Maite… yo… sentía verdadero terror. No quería mirarle.

Continuaba hablándome, parecía nervioso. Gesticulaba moviendo las manos sin cesar. No entendía ni una palabra, pero estas me hacían sentir asco, rechazo… hacia mí. O quizás hacia él… o hacia ambos. Yo en cambio solo sentía miedo, su mera presencia a dos pasos de mí me producía un miedo insuperable.

Me indicó con un gesto que tomase asiento a su lado. En los puños de su camisa azul resplandecieron unos gemelos de oro con las iniciales GM en relieve. Obedecí. Él estiró su brazo hacia mi rostro para acariciarme, pero intercepté su mano, evitándolo. Mi reacción le molestó y provocó que me gritara, haciéndome sentir cada vez peor. Una terrible opresión comenzó a martillearme el pecho. Un pesado nudo atenazó mi garganta, hasta que rompí a llorar, lo cual le enfureció.

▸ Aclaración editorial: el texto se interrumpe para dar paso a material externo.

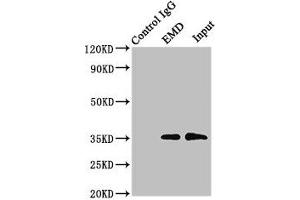 Western Blotting (WB) image for anti-Emerin (EMD) (AA 1-222) antibody (ABIN7151606)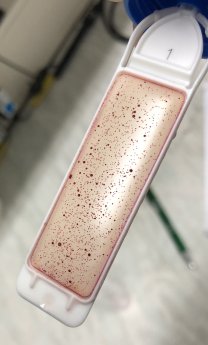 Produktionshygiene_für_ETL-_Anlagen_DipSlide_Bakt_01.JPG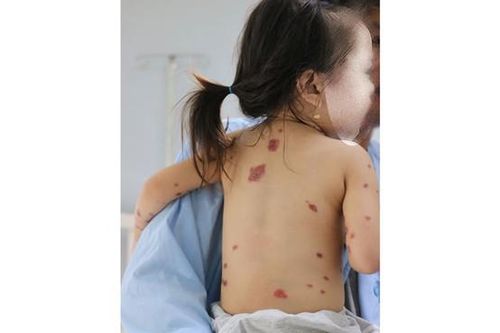 Điều trị thành công bệnh nhi bị hội chứng Steven Jonhson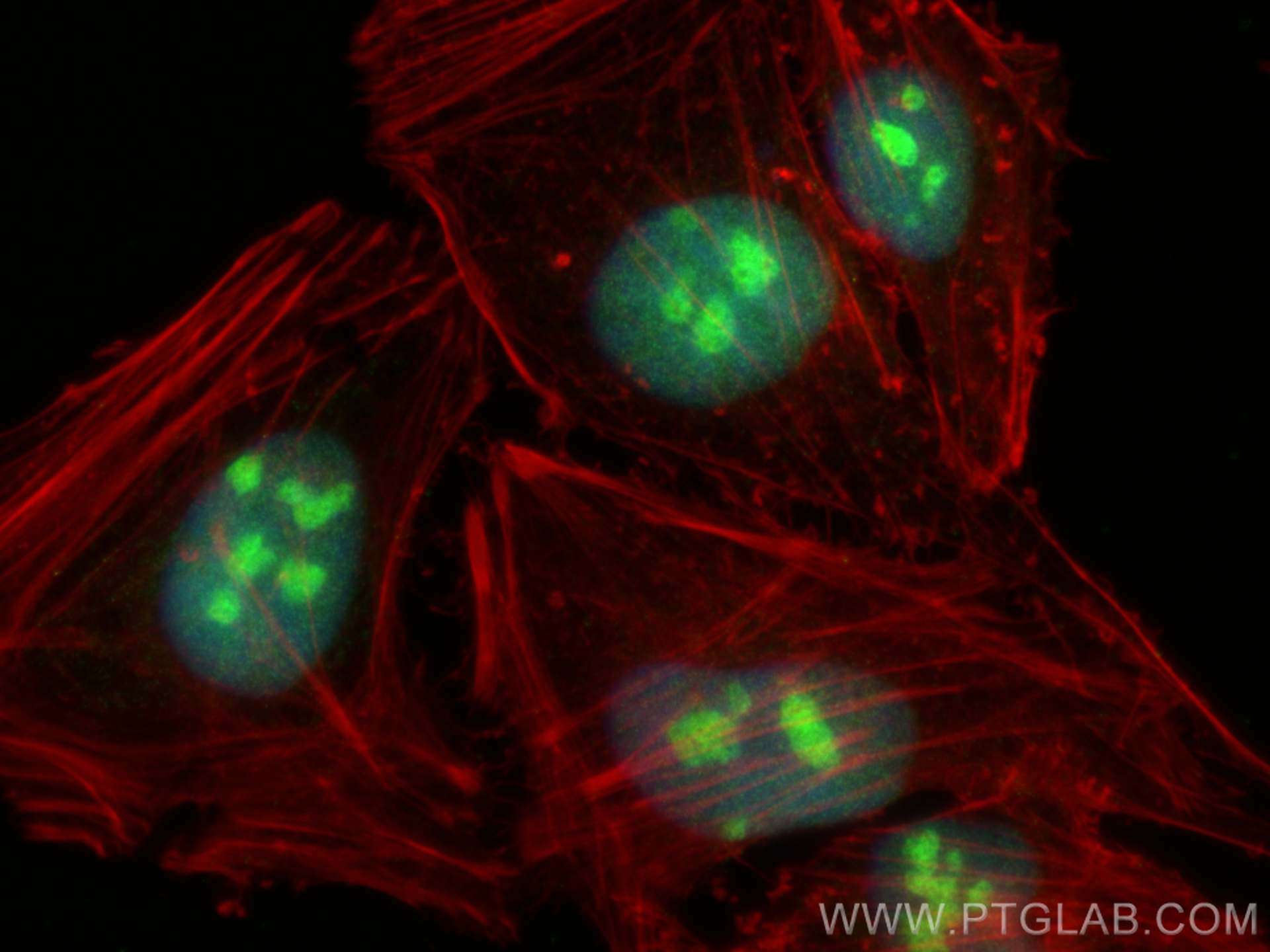 Immunofluorescence (IF) / fluorescent staining of HeLa cells using EXOSC9 Monoclonal antibody (67636-1-Ig)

Entonces, aquel hombre que se escondía tras una horrible máscara, me propinó una bofetada tan fuerte que me lanzó de espaldas contra el respaldo del sofá, haciéndome sangrar por la nariz. La sangre fluyó veloz por mis fosas nasales, empapando los labios, la barbilla… Traté de echar a correr, pero me agarró del pelo y tiró con fuerza, derribándome.

La blanca y mullida alfombra olía a vinagre. Él se puso a horcajadas sobre mí, atrapando mis menudos brazos entre sus piernas. Traté de zafarme y comencé a forcejear. La sangre de mi nariz corría hacia mi garganta y yo la tragaba, aquel desagradable sabor metálico inundaba mi boca.

Grité pidiendo auxilio.

Y entonces comenzó a apretarme la garganta con fuerza, estrangulándome.

Vi sus ojos desencajados a través de los orificios de la máscara, la locura con la que me ahogaba. La presión de sus pulgares contra mi tráquea me impedía respirar. Me asfixiaba.

El aire silbaba en mi garganta, intentando llegar a mis pulmones desesperadamente. Yo pataleaba, me revolvía, trataba de escapar, pero era una lucha muy desigual, mi oponente me superaba en peso varias decenas de kilos.

Entonces supe que iba a morir. Que nada ni nadie llegaría a tiempo para salvarme. Me sentí vulnerable, indefensa. Me sentí sola y abandonada. Quería gritar, quería huir, pero no podía.

Un hormigueo eléctrico comenzó a recorrerme brazos y piernas, anunciándome que la vida se me escapaba. Un largo pitido inundó mis oídos mientras la agonía se alargaba varios minutos. Minutos en los que no dejé de revolverme, de patalear, de luchar por mi vida durante un solo instante. Hasta que finalmente morí a manos de mi asesino.